By Elliott Blackburn
JOPLIN, Missouri (Reuters) - They range from one-year old Hayze Howard to 92-year-old Margaret Tuit, but the official list of Joplin tornado victims does not tell their stories, or that of teenager Will Norton killed on his graduation day.
The numbers and names only begin to describe the human toll extracted from this southwest Missouri city by one of the deadliest tornadoes in U.S. history.
On Saturday, Missouri state officials said they had 142 sets of human remains. The city of Joplin had said the death toll reached 142 but later scaled that back to 139 fatalities. There is a chance remains of one person are in more than one set, state officials said.
Whatever the exact toll, it is almost certain to rise because nearly a week after the storm 100 people were still listed as missing. Nine of those have been reported dead by family members but not yet identified.
The official list of 73 names released on Saturday was of victims who have been positively identified and whose relatives have been notified.
One name on the list was 18-year-old Norton, whose tragic story sparked an outpouring of sympathy on social networks. His body was finally found in a debris-strewn pond that was searched several times after the tornado. He was not found initially because there was so much debris in the water, his relatives said.
Norton was driving home from his high school graduation ceremony with his father last Sunday when the tornado hit. Norton's father tried desperately to hold onto Will with both arms but the boy was sucked from the vehicle by the 200 mile-per-hour winds.
"As a dad, you don't want to let your kids go," Norton's aunt Tracey Presslor told Reuters.
The teenager, who planned to study film in college, was a minor celebrity on YouTube under the name "Willdabeast" because of his comic videos such as one spoofing the survival television show "Man vs. Wild."
"He was amazing, always very happy, very religious, loved by friends," Presslor said.
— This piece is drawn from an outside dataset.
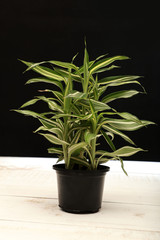 Green Little Plant on Back Pot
Some families have expressed frustration at the slow pace of identifying the victims and releasing the remains. Families have not been allowed to enter the morgue to view and identify the remains. Authorities defended that policy as necessary to be sure that no mistakes are made.
"A year from now, two years from now, those loved ones will want to be sure that the person they buried is truly their mother, their father, their daughter, their son," said Andrea Spillars, Missouri Deputy Director of Public Safety.
Presslor said the funeral for Will Norton will be in about a week. The family intended to set up a memorial fund in his name with the local Humane Society because he loved animals.
"I'm sure we're going to have a hard time ahead of us, but we're going to be ok," Presslor said.